Images excluded, return every record exactly as it reads.

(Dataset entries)
^^^^^^^^^^^^^^^^

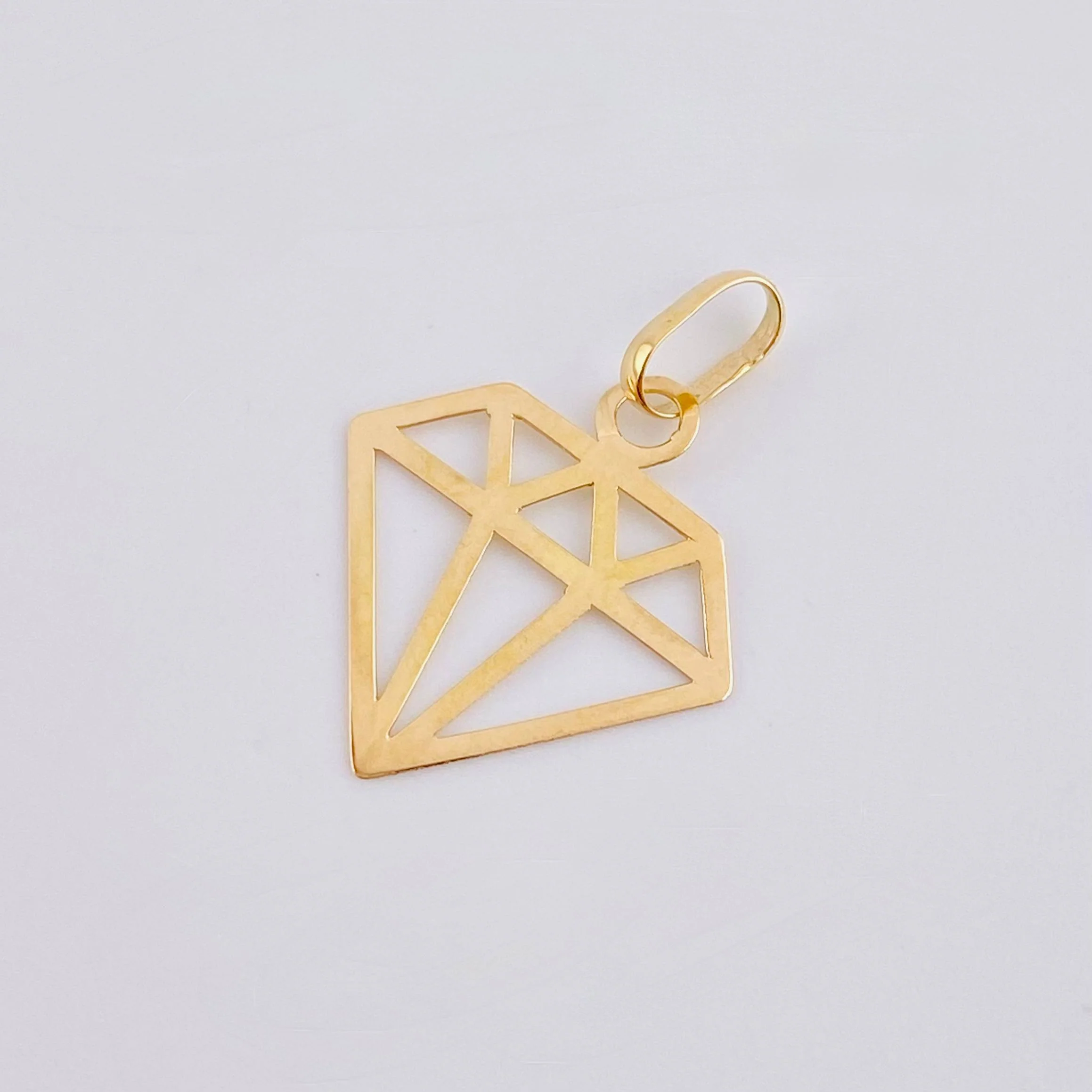Dije Silueta Diamante 0.6gr / 2.5cm / Oro Amarillo 18K - Image 2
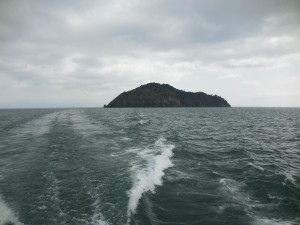 琵琶湖に浮かぶ竹生島DSCN0980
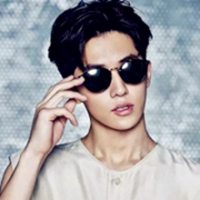 微信戴墨镜头像男 戴墨镜扮酷耍帅的霸气男生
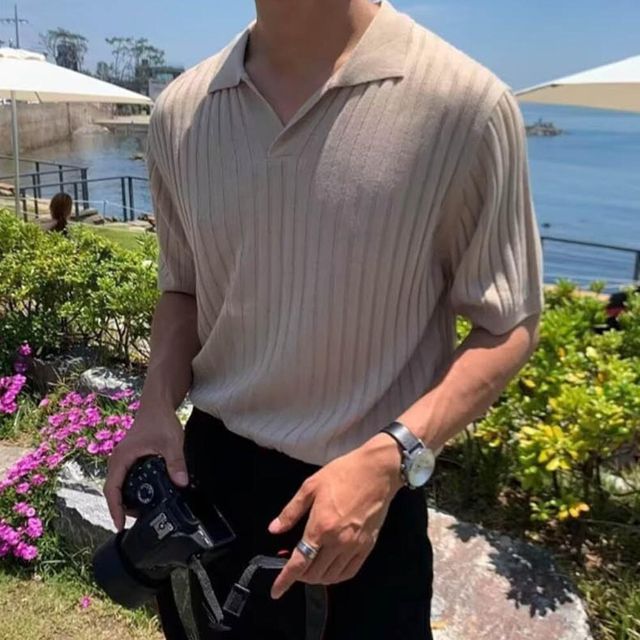 깔끔하고 미니멀디자인 남성 노단추 카라 니트 티셔츠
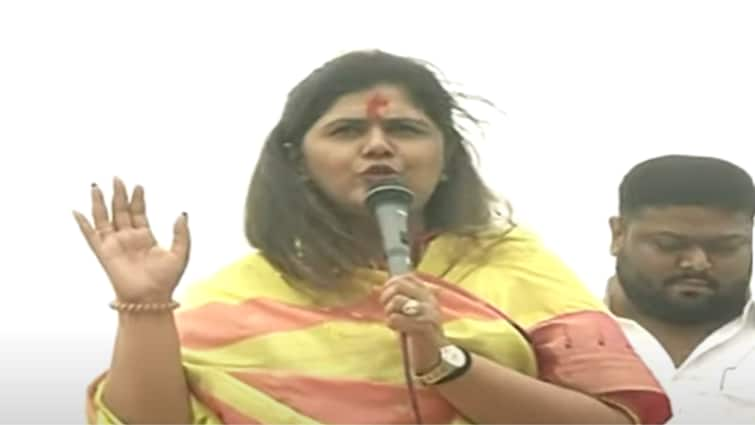 BJP MLA Pankaja Munde in beed after win in vidhan parishad Election 2024 Pankaja Munde: आमदारकी मिळाल्यानंतर पंकजा मुंडेंचं भगवानगडावर भव्य स्वागत, पेढ्यांनी तुला, पंकजा म्हणाल्या, या प्रेमाला कोणत्याही जातीधर्माची किनार नाही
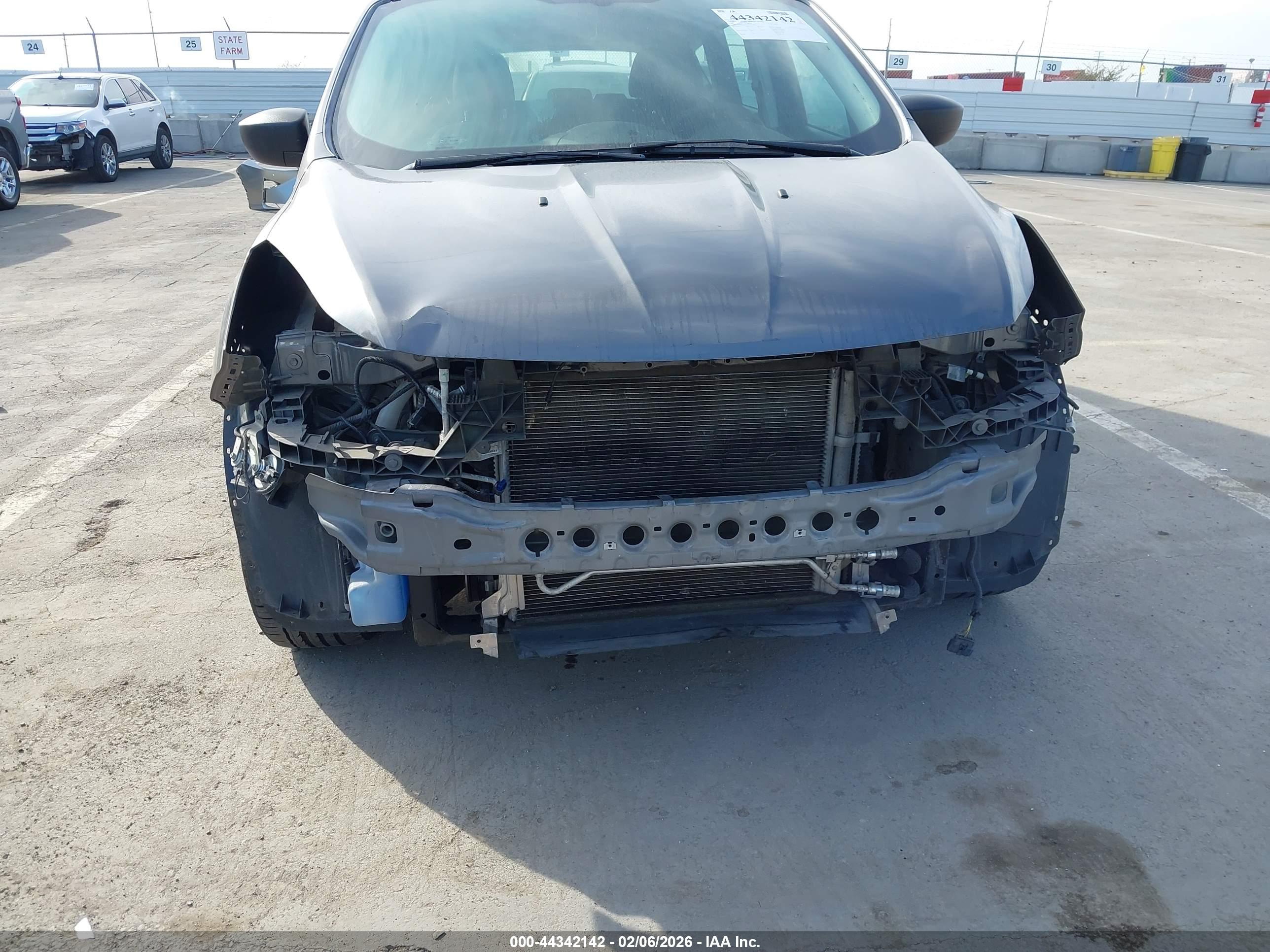 FORD ESCAPE image 6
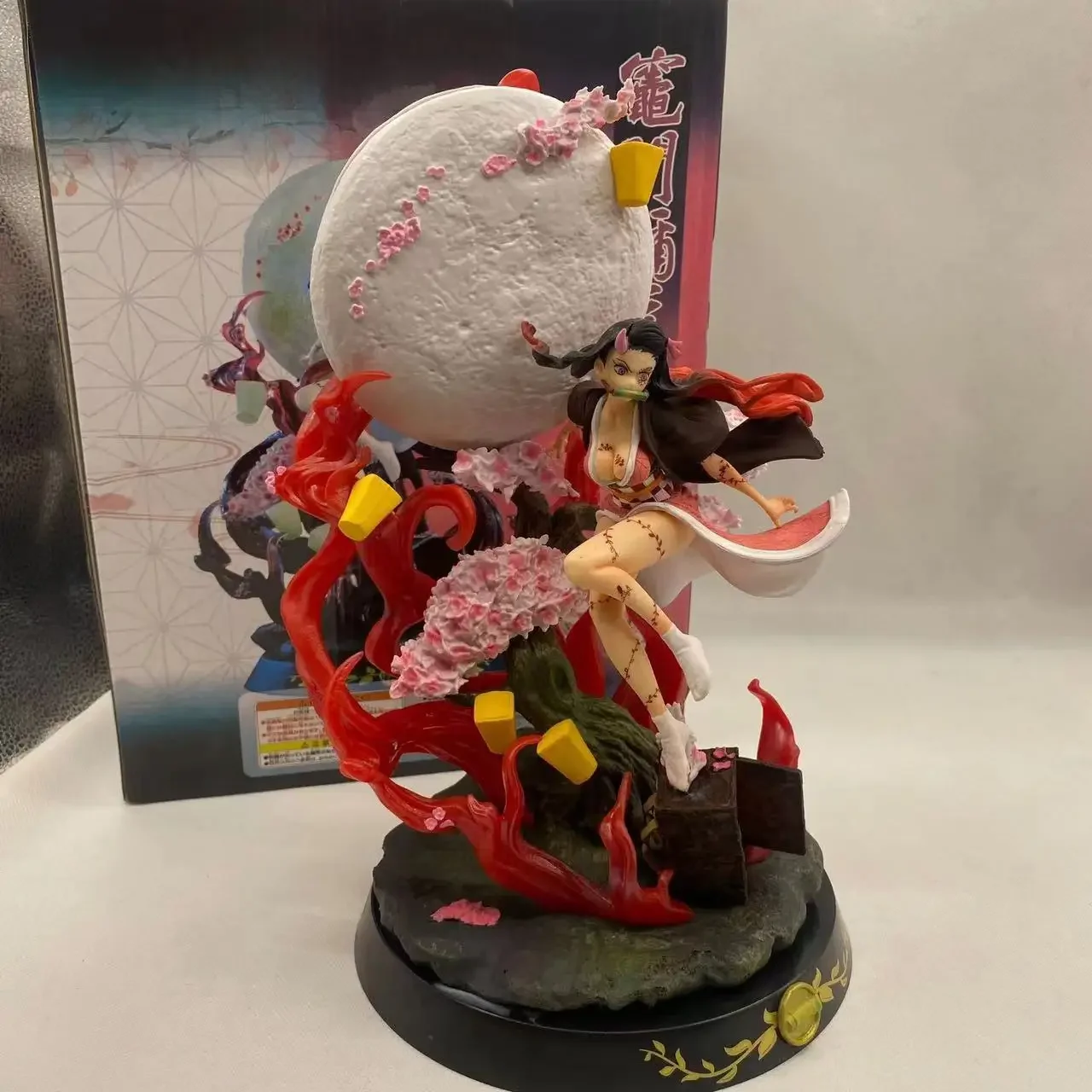 

Demon Slayer 29.5cm Anime GK Nezuko Kamado Kochou Shinobu Hand Action Figure Model Statue PVC Decoration Collection Toy Gift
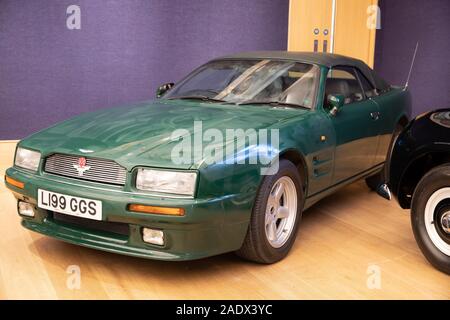 Londres, Royaume-Uni. 5 déc, 2019. Un photocall a eu lieu à Bonhams New Bond Street pour leurs belles Collectors Motor car la vente. Les était un 1994 Aston Martin Virage Volante 6.3 litre. Il a été livré de nouveau à Son Altesse Royale le Prince de Galles qui l'a fait pendant 23 ans, il a été construit sur mesure à ses spécifications. Estimé à £225 000-£275 000.La vente de 35 voitures de collection anciennes et modernes a lieu le samedi 7 décembre à 14h30. Credit : Keith Larby/Alamy Live News Banque D'Images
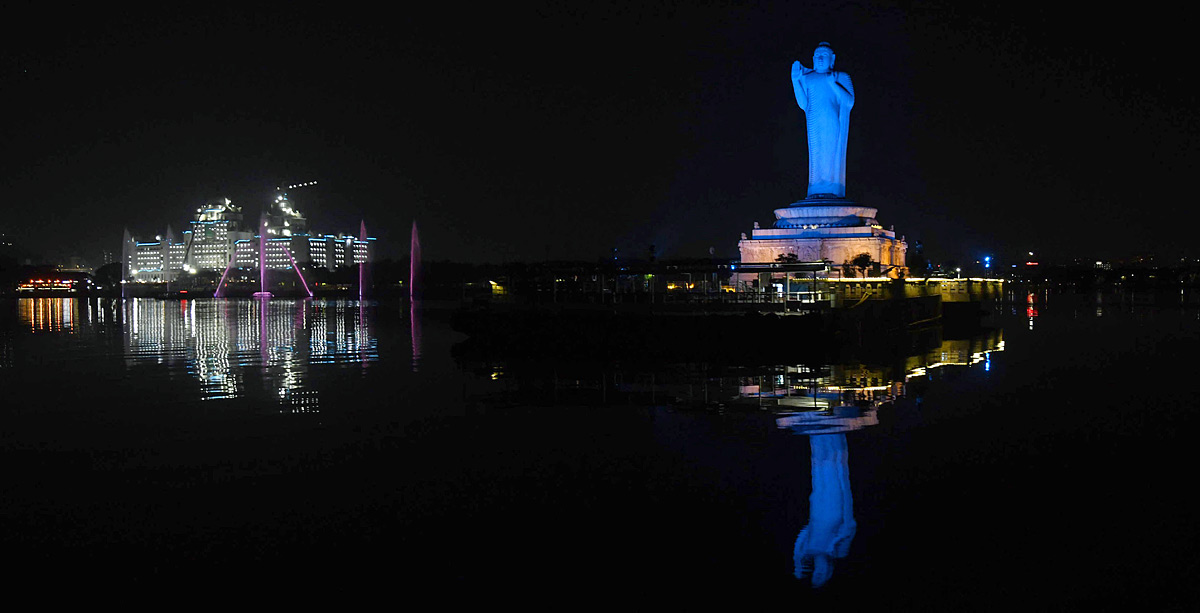 Musical Fountain at Lumbini Park Hyderabad - Sakshi12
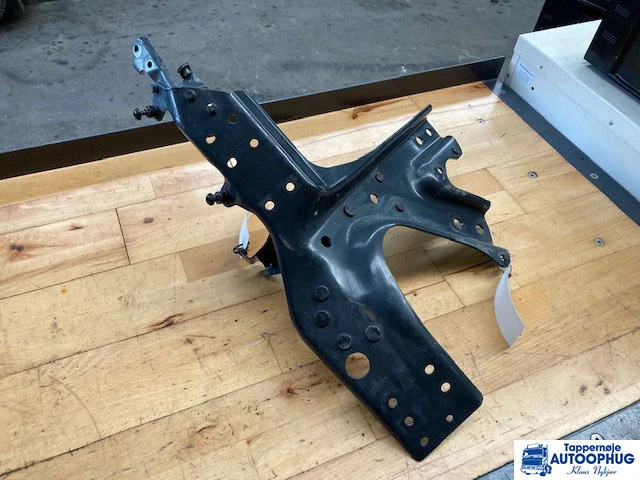 Scania lygte og trinholder Scania 2790473 - Carroceria e exterior por Camião: foto 1 Scania lygte og trinholder Scania 2790473 - Carroceria e exterior por Camião: foto 1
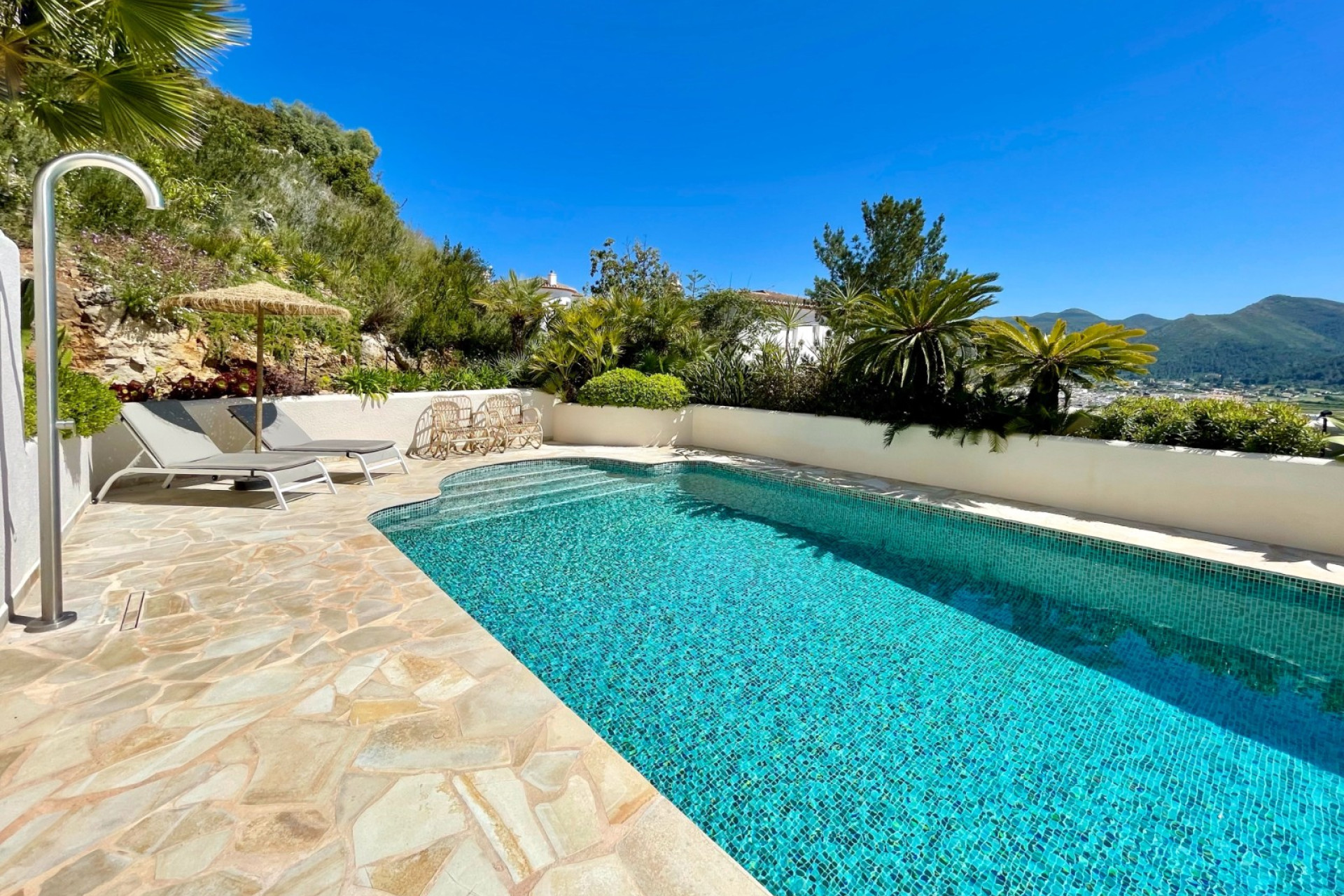 Resale - Villa - Jalón
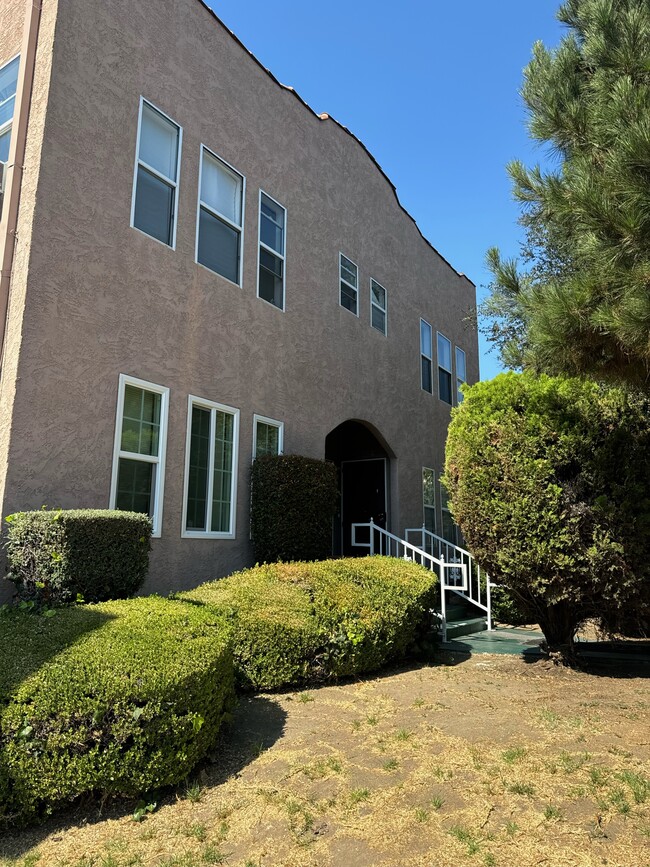 Building Photo - 2025 S Harcourt Ave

^^^^^^^^^^^^^^^^

OUTPUT OF THE TASK:
Dije Silueta Diamante 0.6gr / 2.5cm / Oro Amarillo 18K - Image 2
 琵琶湖に浮かぶ竹生島DSCN0980
 微信戴墨镜头像男 戴墨镜扮酷耍帅的霸气男生
 깔끔하고 미니멀디자인 남성 노단추 카라 니트 티셔츠
 BJP MLA Pankaja Munde in beed after win in vidhan parishad Election 2024 Pankaja Munde: आमदारकी मिळाल्यानंतर पंकजा मुंडेंचं भगवानगडावर भव्य स्वागत, पेढ्यांनी तुला, पंकजा म्हणाल्या, या प्रेमाला कोणत्याही जातीधर्माची किनार नाही
 FORD ESCAPE image 6

Demon Slayer 29.5cm Anime GK Nezuko Kamado Kochou Shinobu Hand Action Figure Model Statue PVC Decoration Collection Toy Gift
 Londres, Royaume-Uni. 5 déc, 2019. Un photocall a eu lieu à Bonhams New Bond Street pour leurs belles Collectors Motor car la vente. Les était un 1994 Aston Martin Virage Volante 6.3 litre. Il a été livré de nouveau à Son Altesse Royale le Prince de Galles qui l'a fait pendant 23 ans, il a été construit sur mesure à ses spécifications. Estimé à £225 000-£275 000.La vente de 35 voitures de collection anciennes et modernes a lieu le samedi 7 décembre à 14h30. Credit : Keith Larby/Alamy Live News Banque D'Images
 Musical Fountain at Lumbini Park Hyderabad - Sakshi12
 Scania lygte og trinholder Scania 2790473 - Carroceria e exterior por Camião: foto 1 Scania lygte og trinholder Scania 2790473 - Carroceria e exterior por Camião: foto 1
 Resale - Villa - Jalón
 Building Photo - 2025 S Harcourt Ave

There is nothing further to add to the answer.